— What is expected —
Your answer must be exactly the lines from the one containing "Now we can go" through the end of the material, both ends included, without pictures.

[Supplied material — start]

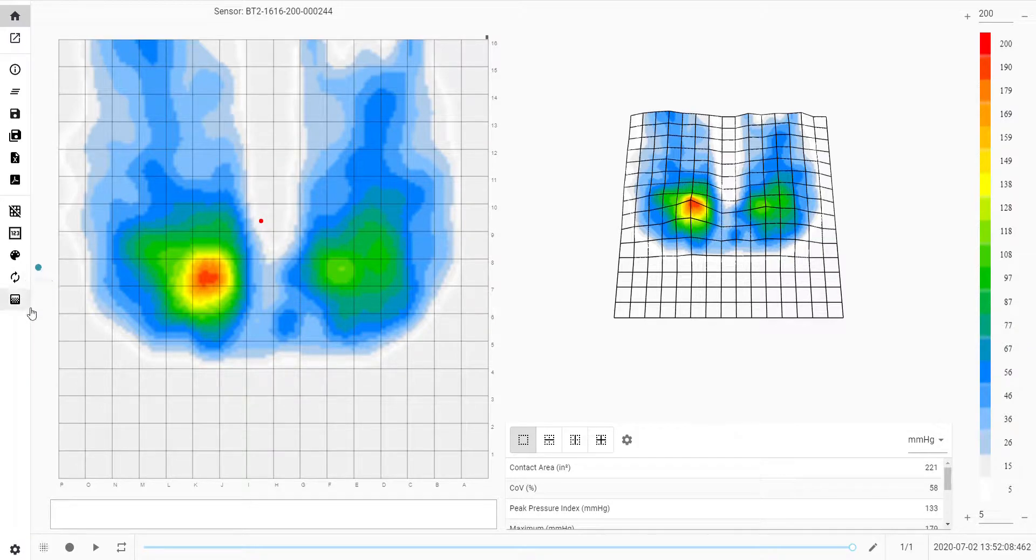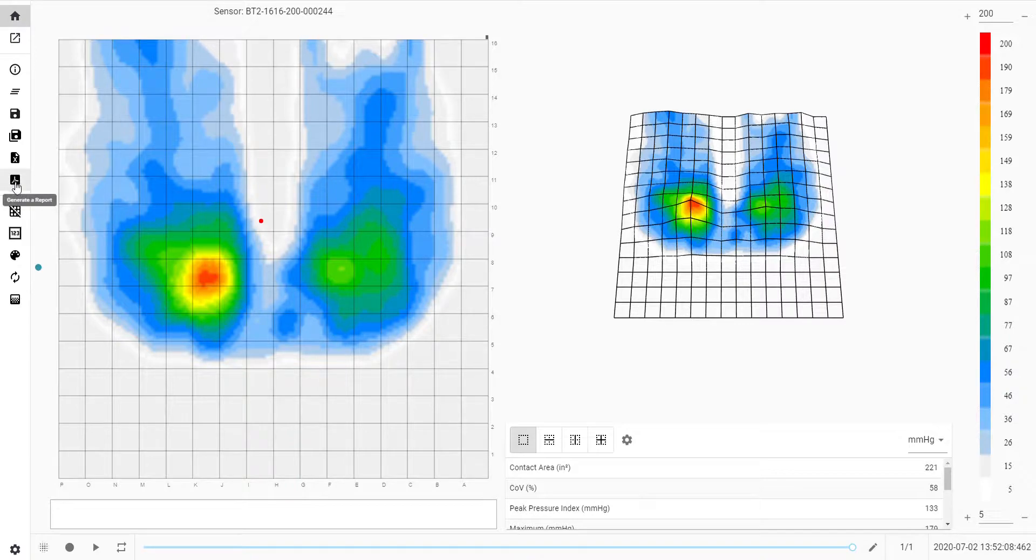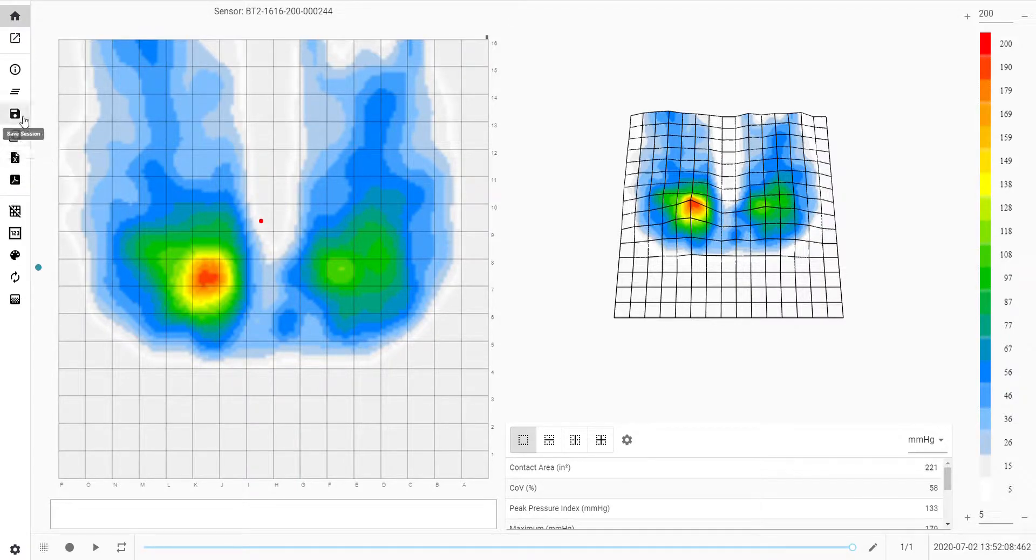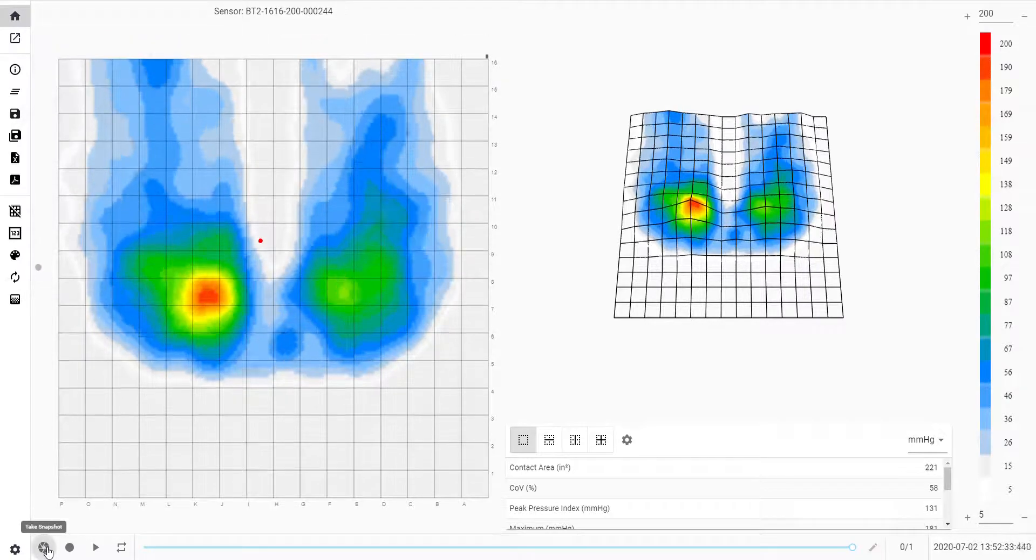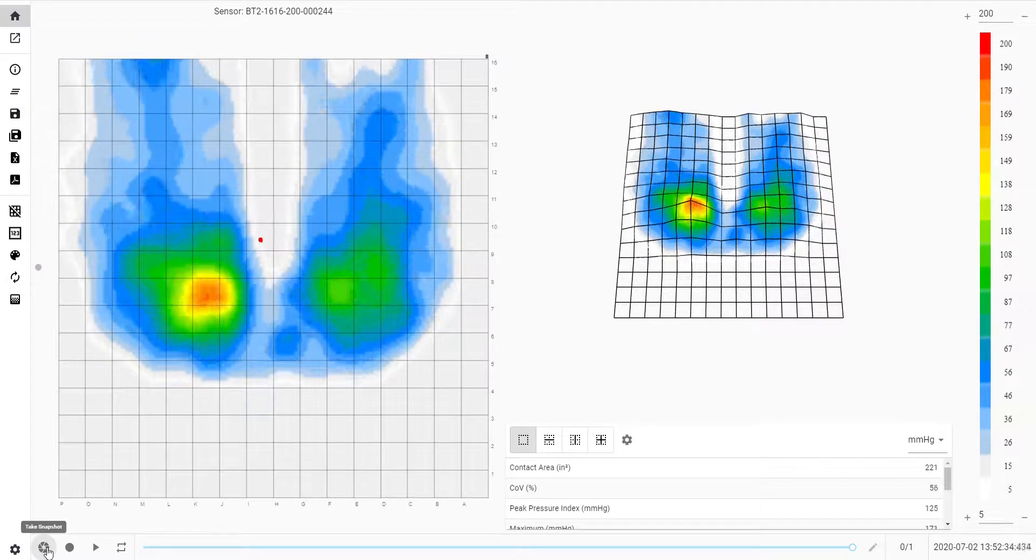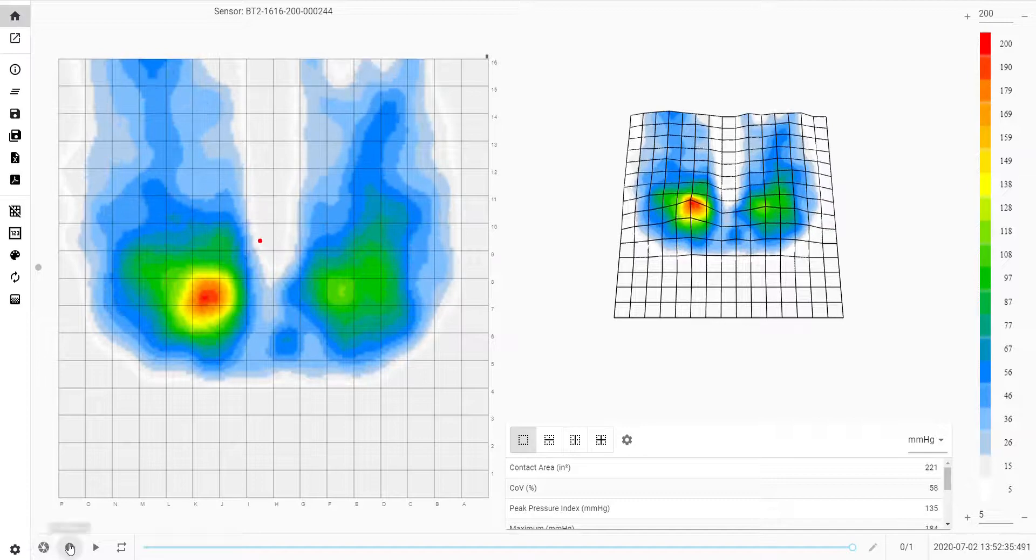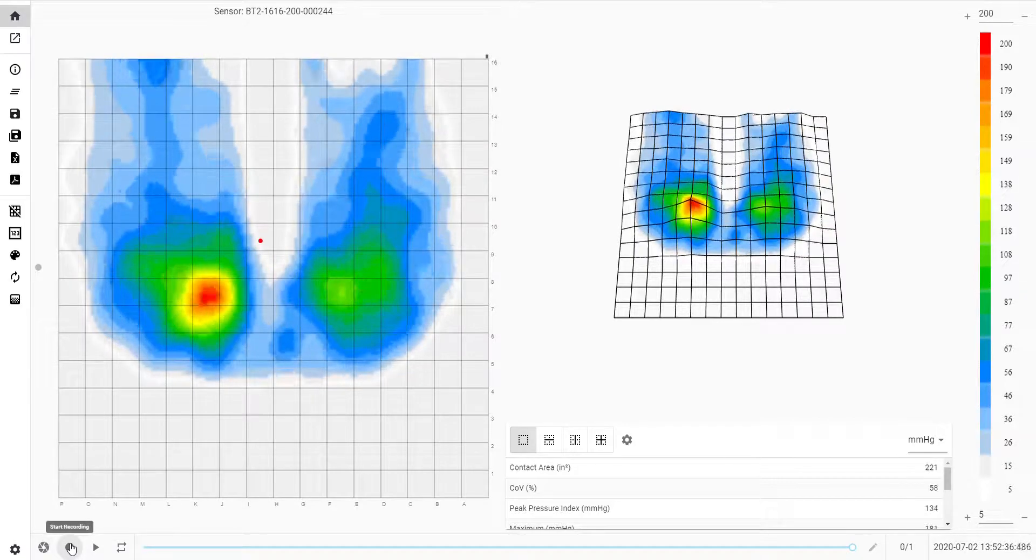As you can see, the previously greyed out icons are now selectable. Here you can save snapshots as PDFs or Excel files. If you click on the snapshot button again, the software will go back to live scanning.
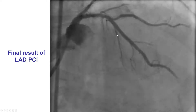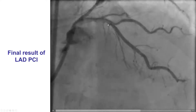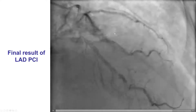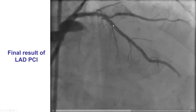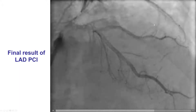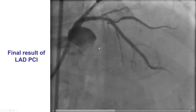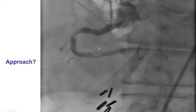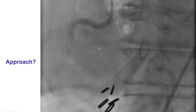Sometimes, if there is concern that the side branch is compromised, one option is to do a fractional flow reserve afterwards to determine the hemodynamic significance of any residual lesion in the ostium of the side branch. But in this particular case, this was considered a good result, and we therefore turned our attention to the right coronary artery.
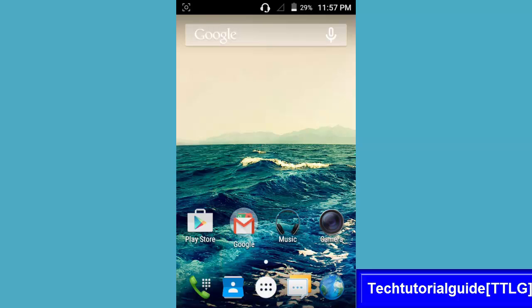Hi guys, welcome to Tech Tutorial Guide. In this video, I'm going to show you how to backup your IMEI. During installation of custom ROMs, if you do any kinds of malfunction, it will directly affect the system files.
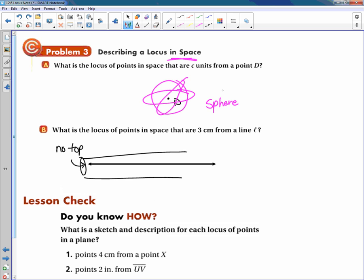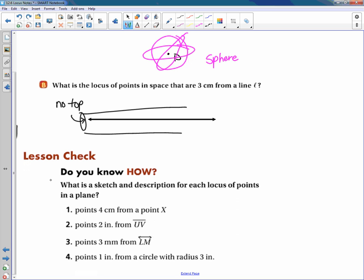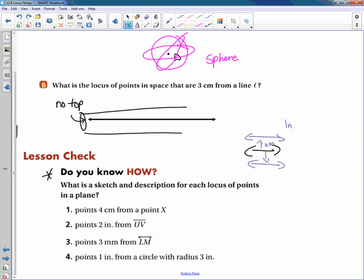The key distinction is whether the problem says 'in space' or 'in a plane' — that tells you whether the answer is 3D or 2D. For practice, do the four problems in the lesson check plus three or four from the practice section. As a final example: in a plane, the locus of points one centimeter from a line is just two parallel lines — one on each side — because we're in a two-dimensional plane.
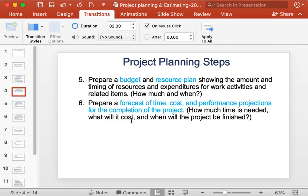Then we can prepare a forecast of time, cost, and performance projections for the completion of the project. From this we can answer questions like how much time is needed, what it will cost, and when the project will be finished.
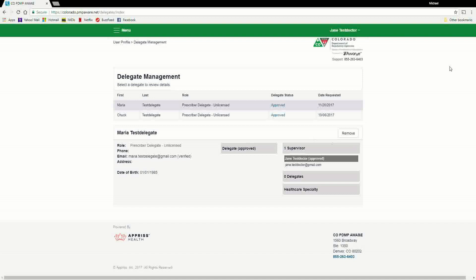Once approved as a delegate, you will have full access to the PDMP and can search on behalf of the healthcare provider.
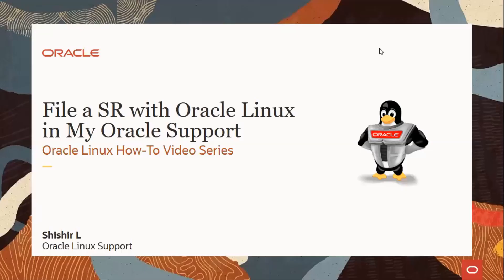Hello. Welcome to Oracle Linux how-to video series. This video will guide you through raising a service request in My Oracle Support Portal. We'll see a quick demo on how to file a service request with Oracle Linux support.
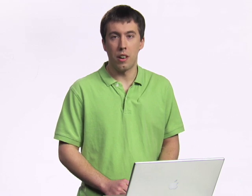For more information on what I just showed you and more information on the Social API, please check out the tutorial on code.google.com under the Open Social section.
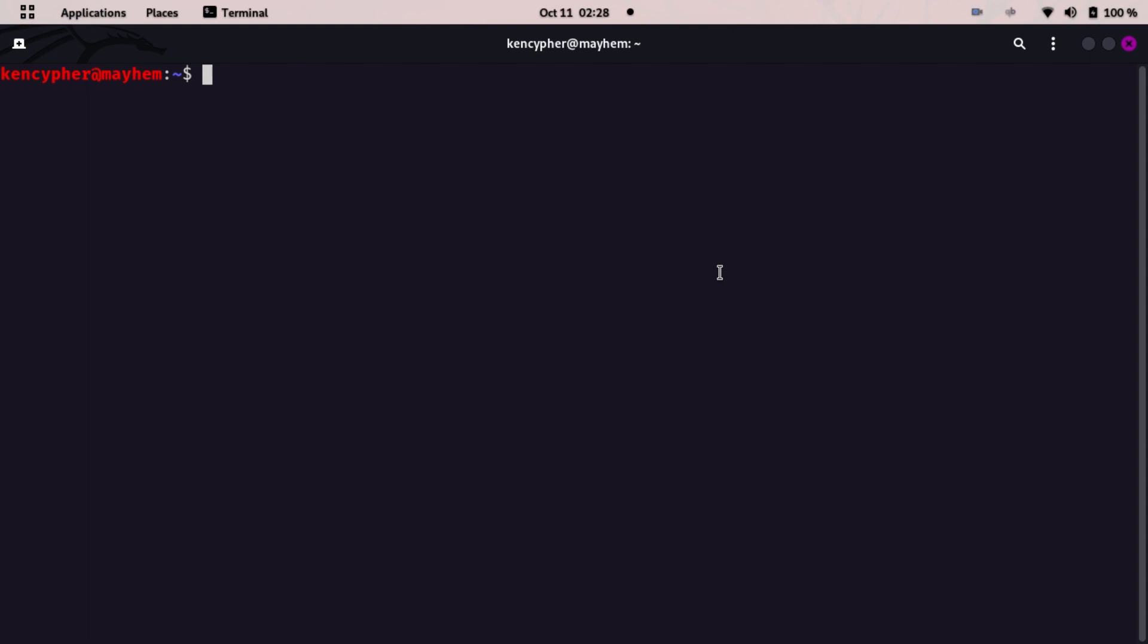To install Maltego in your system, you can also download Maltego on your Windows system too. Just visit the Maltego website and type sudo apt install and then type Maltego.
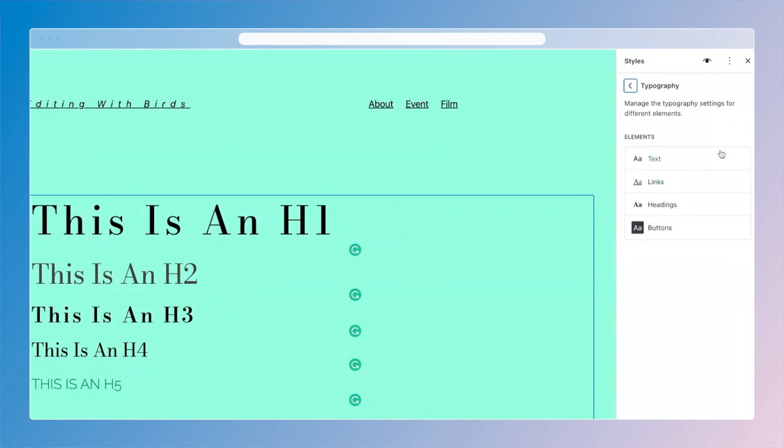And you have options to change your text, your links, your headings, and your buttons. We're going to start with headings. That's why I have this laid out here with the different headings in front of us so we can see how it looks.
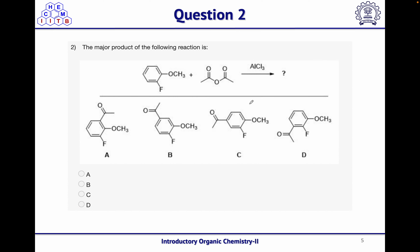Now we can go to question 2. The major product of the following reaction is — they have given a substituted benzene, acetic anhydride, and AlCl3, with four product options. It is a Friedel-Crafts acylation reaction. Acetic anhydride is present, and AlCl3, which is a Lewis acid, is also present — these are the reagents used for Friedel-Crafts acylation reaction.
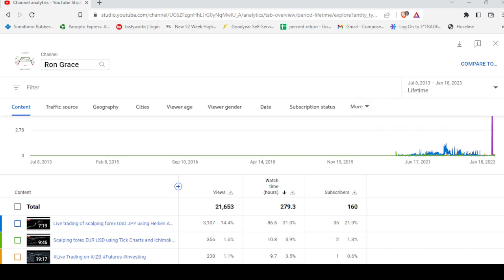Hey, I was going over my channel analytics here and I figured I'd just share this with you. Some interesting stuff. My most watched video was Live Trade Scalping Forex of US Dollar Japanese Yen.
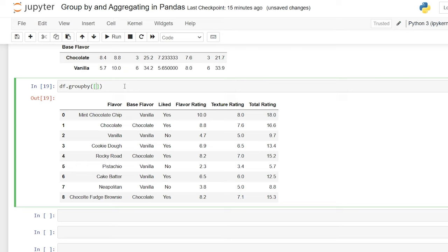After looking at all that, there is one shortcut function that can give you some of these things really quickly — it's called describe. It's going to give you a high-level overview of different aggregations. So let's run this and it gives us chocolate and vanilla, and within each column it gives us count, mean, standard deviation, minimum, 25%, 50%, 75%, and 100% which is our max. Describe is a very generalized function — we can't get as specific as with the previous ones, but it does show many aggregate functions all at one time.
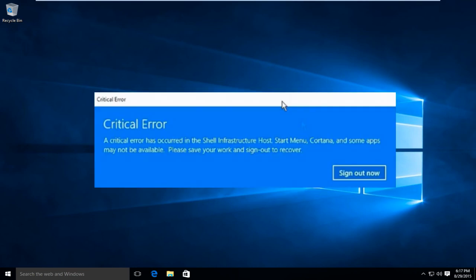Basically it's saying that there's an error that's occurred in the shell infrastructure Host, Start Menu, Cortana, and some apps may not be available. Please save your work and sign out to recover.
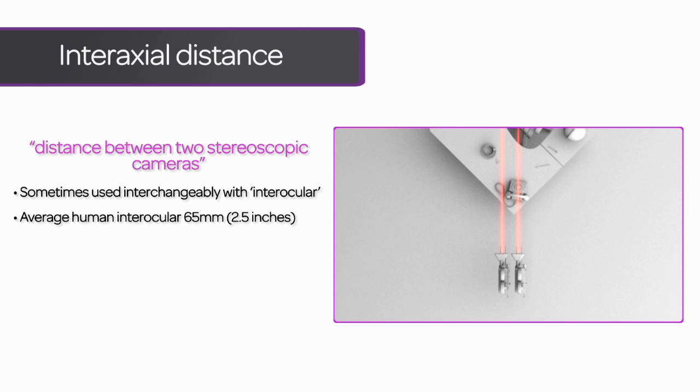In contrast, interaxial distance refers specifically to the distance between camera lenses. Now this can be set to 65mm to match average interocular distance in humans, but it can also be adjusted for effect or to accommodate a larger field of view. Just be aware that the terms are often used interchangeably.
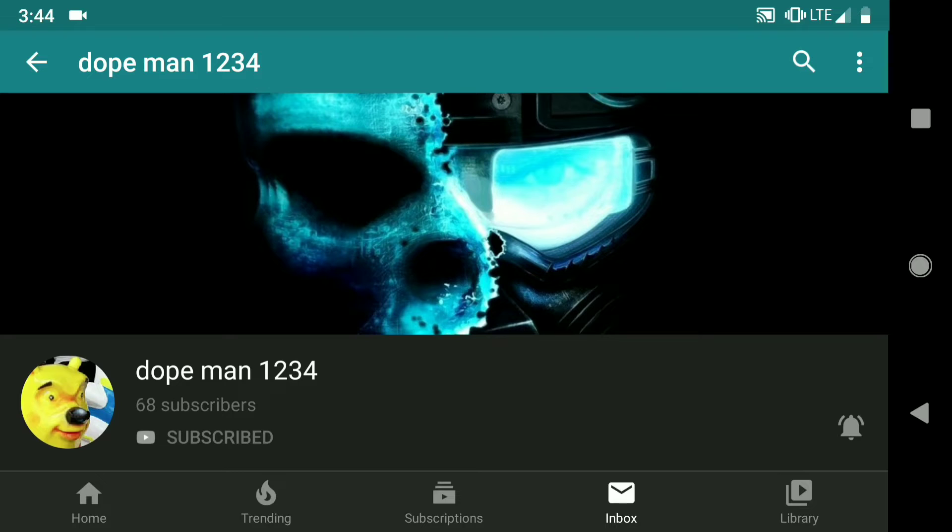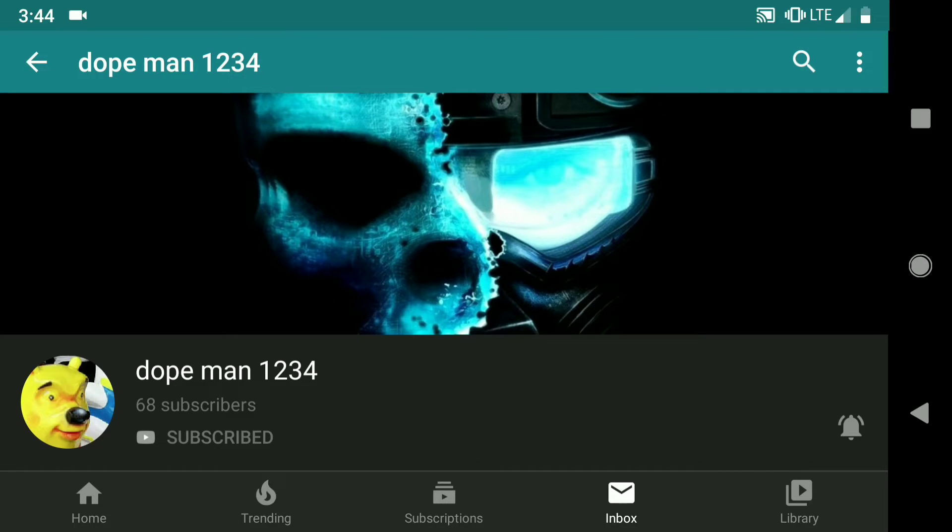but I just want to thank DopeMan1234 for being such a loyal subscriber. Make sure you guys subscribe to him because honestly, he's been supporting me since 45, 40 subscribers, I think. I can't remember.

[Supplied material — finish]

— Exercise response —
Now we can go to question 2. The major product of the following reaction is — they have given a substituted benzene, acetic anhydride, and AlCl3, with four product options. It is a Friedel-Crafts acylation reaction. Acetic anhydride is present, and AlCl3, which is a Lewis acid, is also present — these are the reagents used for Friedel-Crafts acylation reaction.
Hey, I was going over my channel analytics here and I figured I'd just share this with you. Some interesting stuff. My most watched video was Live Trade Scalping Forex of US Dollar Japanese Yen.
After looking at all that, there is one shortcut function that can give you some of these things really quickly — it's called describe. It's going to give you a high-level overview of different aggregations. So let's run this and it gives us chocolate and vanilla, and within each column it gives us count, mean, standard deviation, minimum, 25%, 50%, 75%, and 100% which is our max. Describe is a very generalized function — we can't get as specific as with the previous ones, but it does show many aggregate functions all at one time.
Basically it's saying that there's an error that's occurred in the shell infrastructure Host, Start Menu, Cortana, and some apps may not be available. Please save your work and sign out to recover.
In contrast, interaxial distance refers specifically to the distance between camera lenses. Now this can be set to 65mm to match average interocular distance in humans, but it can also be adjusted for effect or to accommodate a larger field of view. Just be aware that the terms are often used interchangeably.
but I just want to thank DopeMan1234 for being such a loyal subscriber. Make sure you guys subscribe to him because honestly, he's been supporting me since 45, 40 subscribers, I think. I can't remember.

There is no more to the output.